Alkyl ketene dimers, usually containing 14 to 18 carbon atoms in the alkyl radical, are well established sizing agents for paper. They are usually added to the furnish as a dispersion. The sizing action is believed to be caused by a chemical reaction between the ketene dimer and the hydroxyl groups of the cellulosic fibers in the paper. This reaction is by no means instantaneous, and it is some time before the full sizing effect is developed in the paper sheet. In an effort to avoid this disadvantage, there have been numerous proposals to include in the furnish, along with the alkyl ketene dimer, also a resin to promote the chemical reaction between the ketene dimer and the hydroxyl groups of the cellulose.
By way of example, reference may be made to U.S. Pat.
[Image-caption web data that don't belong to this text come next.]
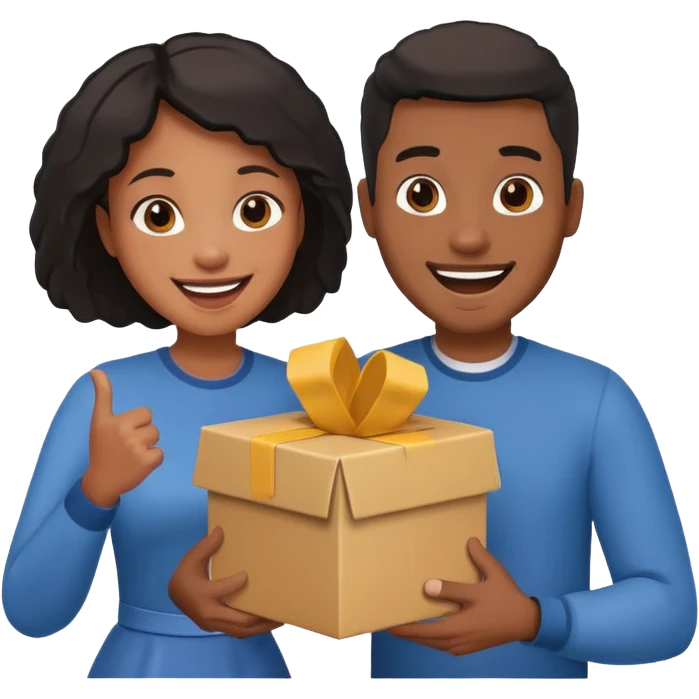 Black couple moving in together  emoji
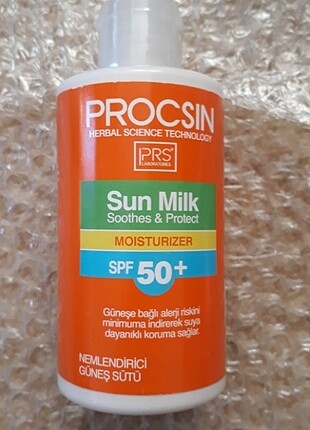 Procsin herbal science 50spf nemlendirici güneş sütü 200ml
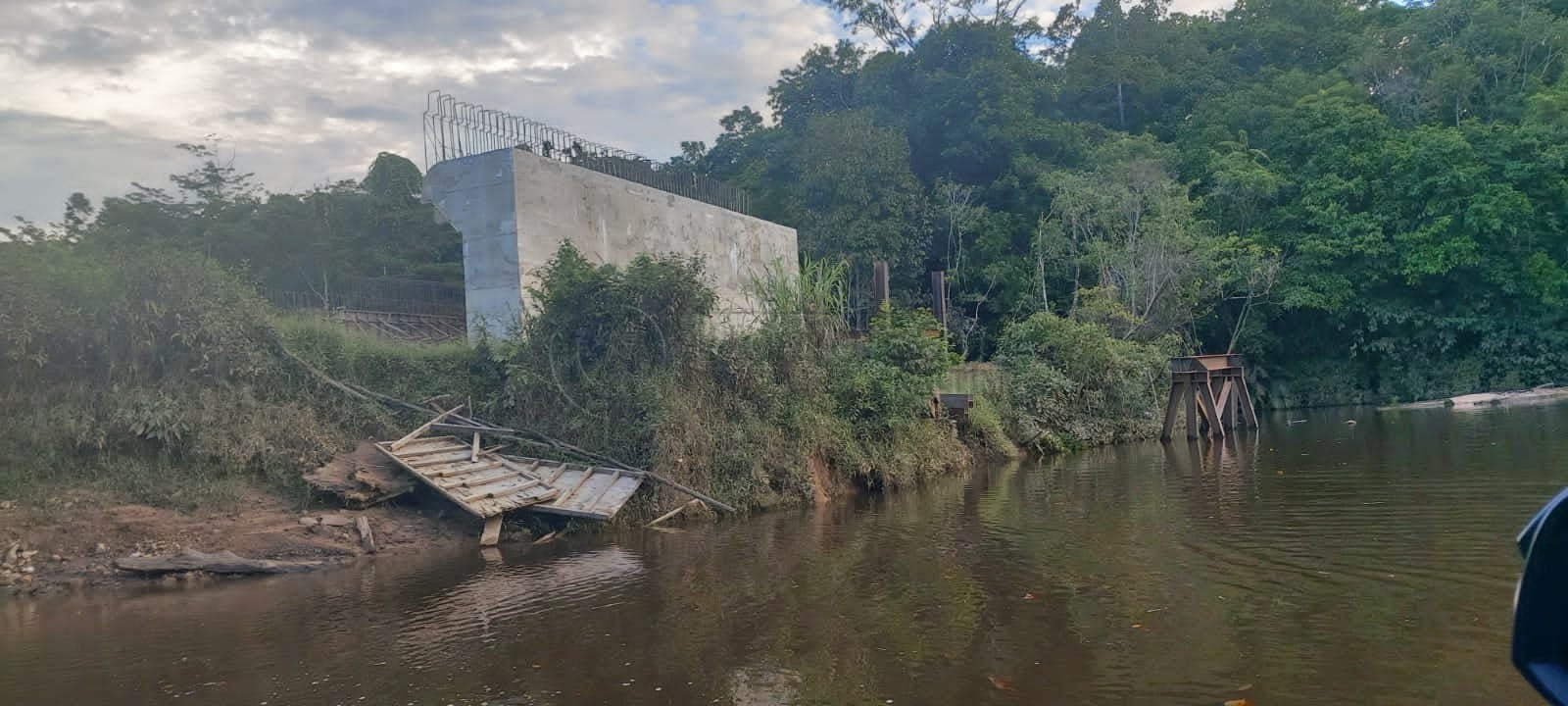 Kontraktor Dicoret, Jembatan Sungai Melaham Lanjut Lelang Tahun Depan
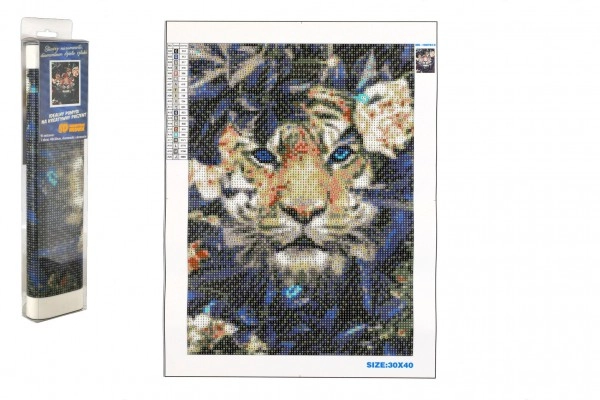 E-shop Norimpex Diamantové maľovanie Ukrytý tiger 30 x 40 cm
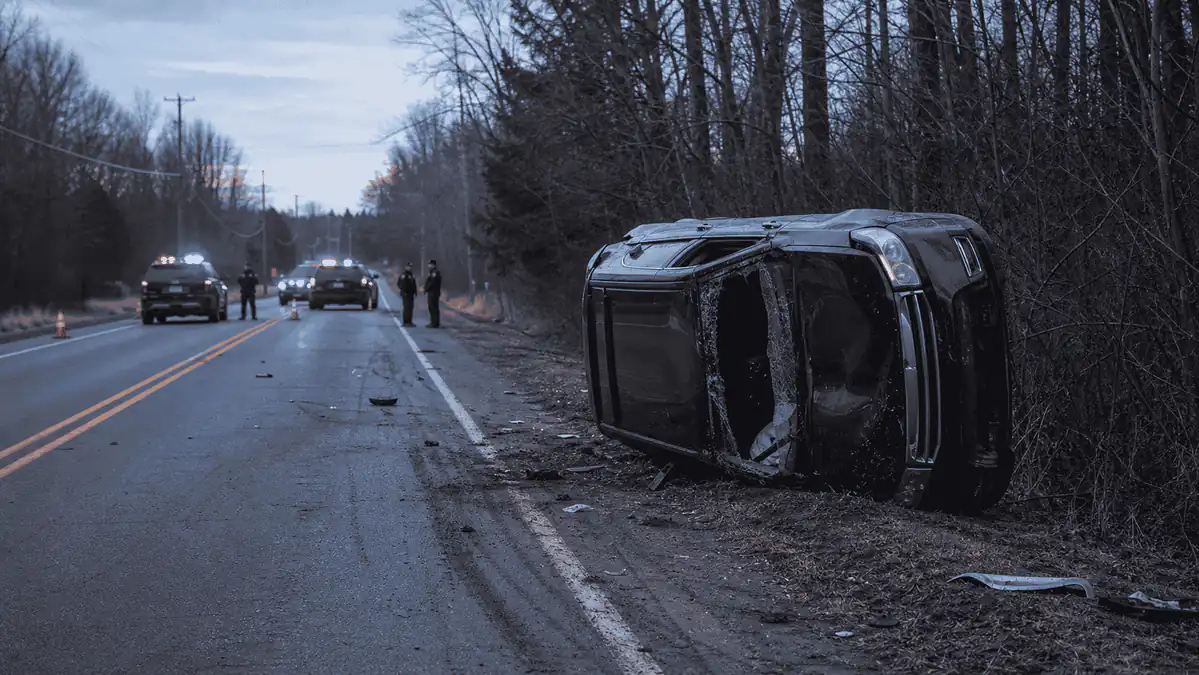 Cannon Township rollover crash leaves 1 in critical condition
No. 4407994, which describes the use, as sizing accelerators for use with alkyl ketene dimers, of water-soluble nitrogen-containing reaction products derived by reaction of
(1) a water-soluble polyamino-polyamide;
(2) an epihalohydrin; and
(3) a composition comprising specified amounts of bis(hexamethylene)triamine.
The introductory part of this United States patent includes an extensive list of previous proposals of sizing accelerators for use with alkyl ketene dimers. However, known sizing accelerators are still not entirely satisfactory in that they do not provide for some applications the desired rate of sizing development. In addition, it is desirable to be able to obtain for some purposes an even harder sizing with an alkyl ketene dimer than is possible with known sizing accelerators.
The present invention provides novel sizing accelerators suitable for use with alkyl ketene dimers to accelerate the rate of sizing development. It has been found that the amine tris(2-aminoethyl)amine, i.e. the compound of formula:
N(CH2 CH2 NH2)3
can be used to produce resins which are very valuable sizing accelerators when used with an alkyl ketene dimer sizing agent. These resins may be made in any one of the following ways:
(1) One type of resin based on tris(2-aminoethyl)amine, which may be used as a sizing accelerator with an alkyl ketene dimer, may be made by reacting, in an aqueous medium at an acid pH, formaldehyde, dicyandiamide, a salt of tris(2-aminoethyl)amine, and optionally an ammonium salt. The reaction may be brought about by refluxing an aqueous solution of these starting materials until the viscosity ceases to increase, usually 1 to 4 hours. The ratio of dicyandiamide (moles) to tris(2-aminoethyl)amine (equivalents) may be from 1:0.2 to 1:1.2. The amount of formaldehyde, which may be added in one or more portions, should be what is required to form a product having a minimum viscosity of 15 cps at 50% total solids at room temperature but which does not form a gel.
(2) A second type of resin, also useful as a sizing accelerator, may be made by reacting tris(2-aminoethyl)amine in an aqueous medium with an epihalohydrin, e.g. epichlorohydrin. If desired, the tris(2-aminoethyl)amine may first be reacted with dicyandiamide, e.g. by heating together in the absence of a solvent, and the reaction product then treated with the epihalohydrin.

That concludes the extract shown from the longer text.